L’évènement provocateur sera l’export d’une base “MariaDB” (ossec dans notre cas) via l’application **phpmyadmin **qui est située sur le serveur “Phpmyadmin server”. Le service “MariaDB” est hébergé sur le serveur “Database server”. Le hacker va se connecter à **phpmyadmin **et utiliser la fonction “export” de cette application et récupérer le fichier des données exportées. Tout l’opération se déroule au travers du réseau du Datacenter.

Extraction des données par le réseau

La reproduction de ce cas est simple. Le hacker a eu accès à l’application **phpmyadmin **, et à demandé l’export d’une base de donnée. Les informations disponibles :

Ce graphique nous montre l’heure de l’alerte. Cette alerte est définie par un contrôle très basique du débit moyen glissant (fonction “rate()”), de la connexion Ethernet du serveur “Database server”, le seuil à ce moment était de 2800 kb/s. L’alerte est déclenchée à 21h11.

Voyons coté** Read I/O Disk** de ce serveur, sur la même période (sonde Prometheus : node_disk_read_bytes_total)

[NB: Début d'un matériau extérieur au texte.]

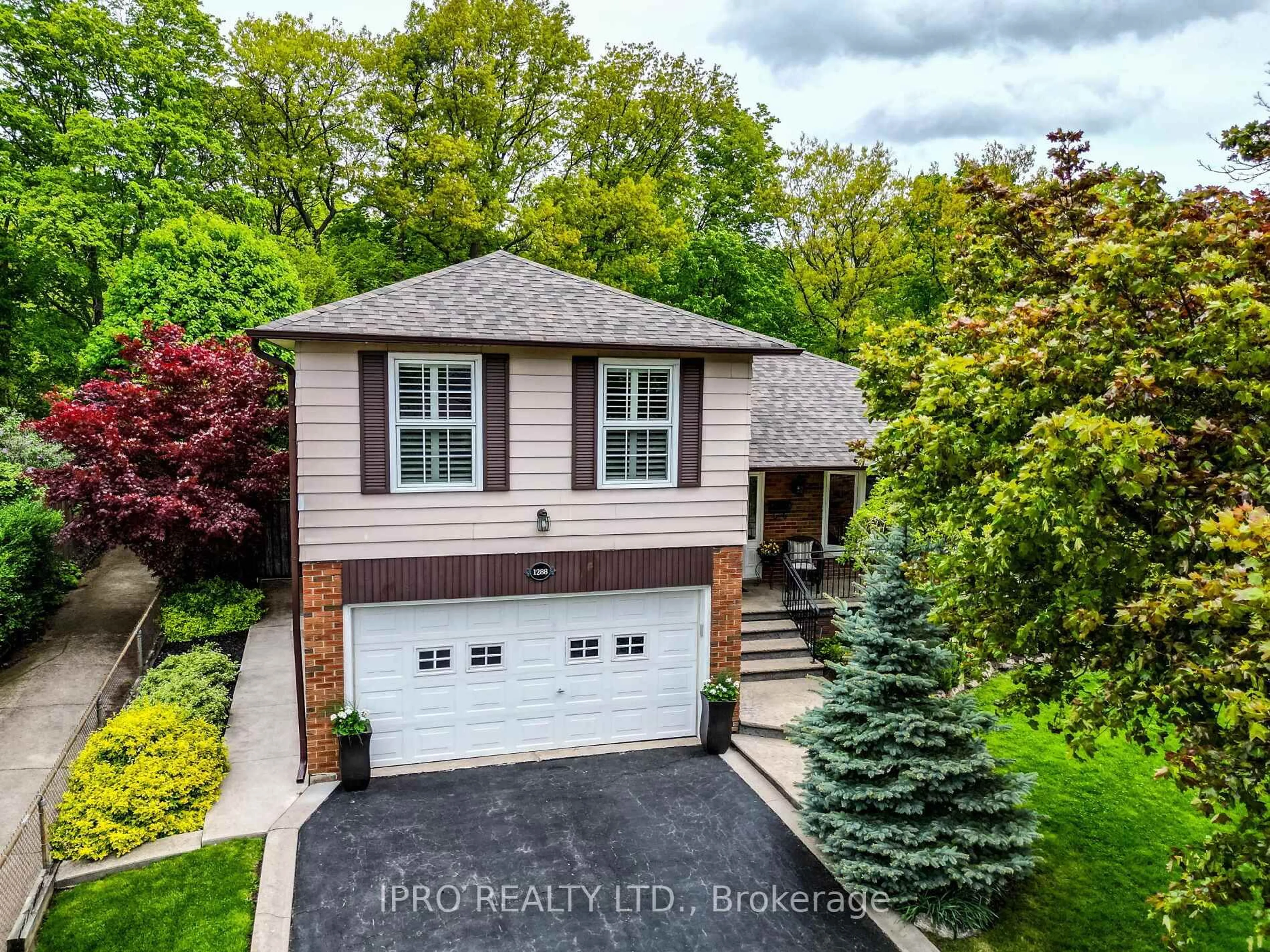 A pic from outside/outdoor area/front of a property/back of a property/a pic from drone, street for 1288 Lakeview Dr, Oakville Ontario L6H 2M8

On peut constater une élévation soudaine de la courbe de lecture sur le disque dur

Coté** Write I/O Disk** de ce serveur, sur la même période (
sonde Prometheus : node_disk_written_bytes_total)

Rien de flagrant, le dump est effectué par le réseau.

Coté réseau :

Si des paquets réseaux sont sorties de ce serveur, ils ont forcément une destination (IN pour la device qui la reçu). Cela peut être une machine du réseau, ou bien, une machine de l’extérieur, notre Datacenter est relié à l’internet. Dans le cas ou nous ne trouverons pas de correspondance, ceci pourrait dire que le Hacker s’est connecté avec une device directement sur le réseau du Datacenter.

Analyse du trafic réseau IN des cartes réseaux (parc complet)

Ce graphique montre le débit moyen flottant des flux d’entrées sur les cartes réseaux du parc, non compris notre serveur “Database server”. Je prend un débit moyen car les débits en bits (graphique AB, plus bas), lissés entre les différents serveurs du Datacenter ne montrent pas de pics (lié au lissage de l’échelle effectué par Grafana).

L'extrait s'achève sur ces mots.